COLLECTED DATA.
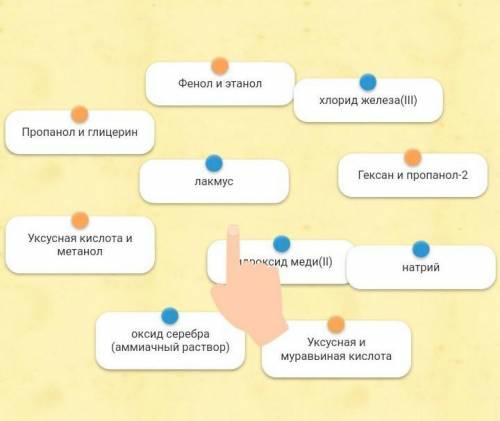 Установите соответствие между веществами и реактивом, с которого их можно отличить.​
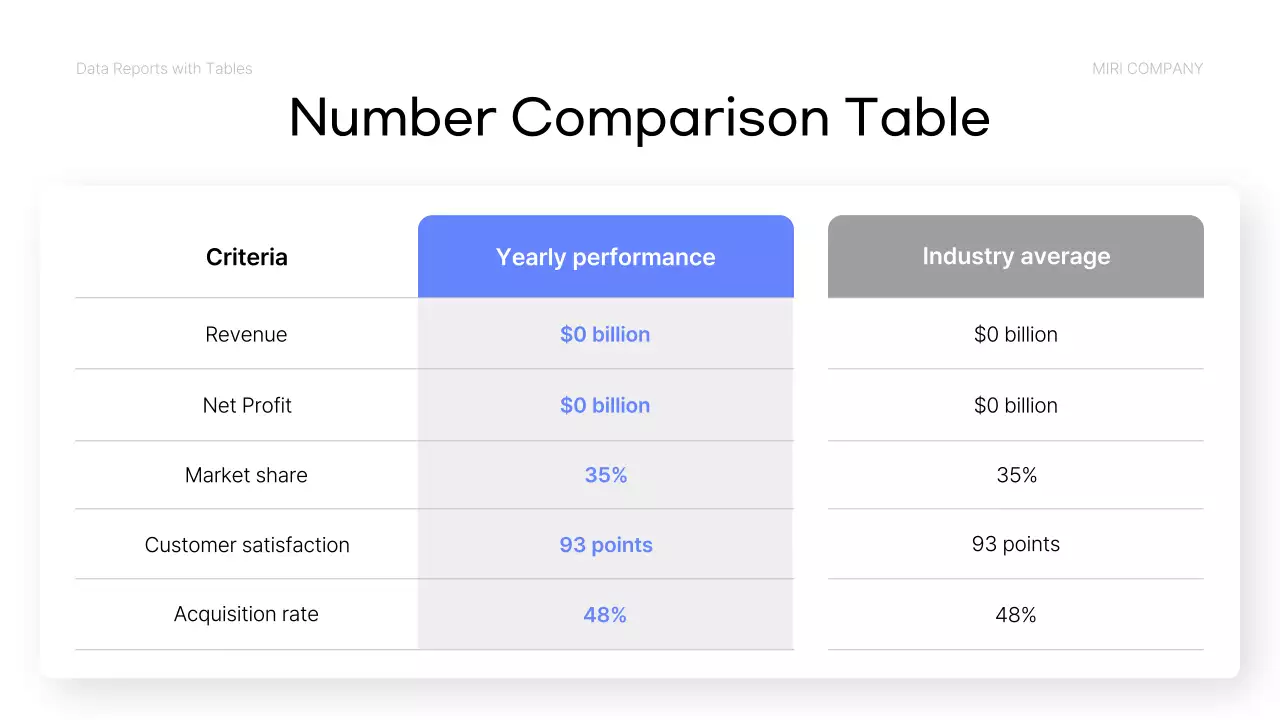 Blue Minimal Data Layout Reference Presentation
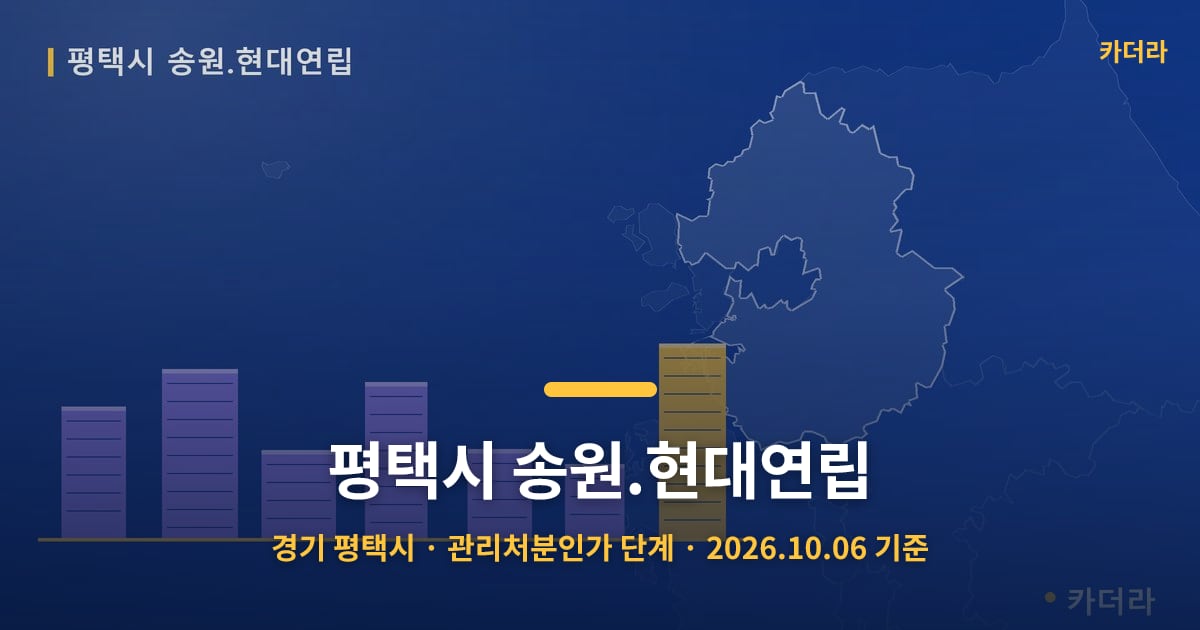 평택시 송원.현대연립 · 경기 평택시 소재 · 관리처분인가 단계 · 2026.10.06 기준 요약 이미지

WHAT THE EXERCISE ASKS. The lines from the one containing "Blue Minimal Data" through the final line of the data are to be repeated exactly, with both ends included and all pictures left out.

ANSWER AREA.
 Blue Minimal Data Layout Reference Presentation
 평택시 송원.현대연립 · 경기 평택시 소재 · 관리처분인가 단계 · 2026.10.06 기준 요약 이미지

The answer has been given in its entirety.